Un établissement sous surveillance constante
Créé en 2003, sous contrat avec l’État depuis 2008, le lycée Averroès scolarise près de 800 élèves à Lille-Sud. Il a bâti sa réputation sur des résultats académiques solides (près de 100 % de réussite au baccalauréat pendant plusieurs années), un respect scrupuleux des programmes de l’Éducation nationale et une discipline encadrée dans le cadre de la loi. Plusieurs inspections ont confirmé cette conformité, sans formuler de reproches décisifs.

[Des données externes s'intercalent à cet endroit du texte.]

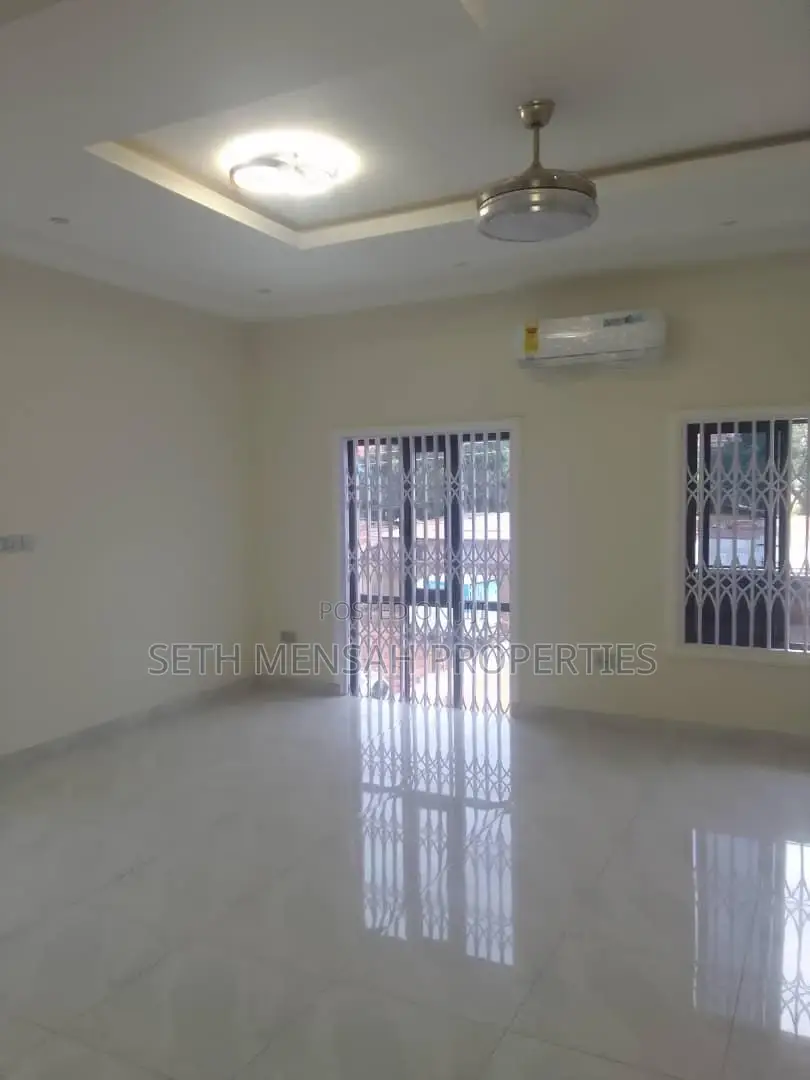 4bdrm Apartment in Achimota, Mile 7 for sale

Pourtant, entre 2020 et 2023, le lycée a été l’objet d’une série d’inspections inédites dans leur fréquence et leur intensité : plus d’une dizaine, là où d’autres établissements privés sous contrat n’en subissent que très rarement. Le contrôle n’est pas en cause : il est légitime. Mais la disproportion interroge.
Une décision préfectorale infirmée
En décembre 2023, le préfet décide unilatéralement de résilier le contrat d’association du lycée, invoquant des manquements à la transmission des « valeurs de la République ». Ces manquements auraient porté sur l’usage d’un manuel en éthique musulmane, sur des dons étrangers anciens pourtant légaux, et sur la difficulté rencontrée par une inspection en 2020. Aucun de ces éléments, isolés ou combinés, n’a convaincu le tribunal administratif de la gravité suffisante de la rupture.
La justice a estimé que les griefs étaient juridiquement infondés et que la procédure de résiliation avait été entachée d’irrégularités. Elle a rétabli le contrat et, ce faisant, rappelé que l’État de droit ne saurait céder aux pressions politiques.
Un traitement d’exception
Au fil de cette affaire, le lycée Averroès est devenu un symbole : celui d’une réussite éducative musulmane dans le cadre républicain. C’est précisément ce qui semble avoir suscité un malaise. Plusieurs responsables politiques ont publiquement dénoncé l’établissement, parfois sans preuve ni nuance, comme le président de région Xavier Bertrand, ou encore le président des Républicains Éric Ciotti, qui a évoqué sans fondement une « école de l’islamisme ».
La République ne peut pas multiplier les appels à l’égalité, à l’intégration, à l’effort éducatif… tout en ciblant avec suspicion l’un de ses exemples les plus aboutis. L’enseignement confessionnel musulman n’a pas à être protégé de manière particulière. Mais il n’a pas non plus à être traité avec une méfiance systématique que ne subissent pas d’autres confessions.
Une République sûre d’elle-même ne craint pas ses citoyens
La République française s’est construite sur le principe d’égalité devant la loi, indépendamment des croyances. Dans un contexte de tensions identitaires, de montée de la radicalisation, il est tentant de multiplier les signaux politiques de fermeté. Mais cette fermeté doit s’appuyer sur des faits, et non sur des soupçons.
Le traitement réservé au lycée Averroès envoie un message paradoxal : il suggère que la réussite musulmane, même républicaine, même légale, reste suspecte. Ce n’est pas ainsi que l’on bâtit une société de confiance. Une République sûre d’elle-même n’a pas besoin d’exclure pour exister. Elle doit au contraire garantir à tous ses enfants, quels qu’ils soient, les mêmes droits, les mêmes devoirs, et le même respect.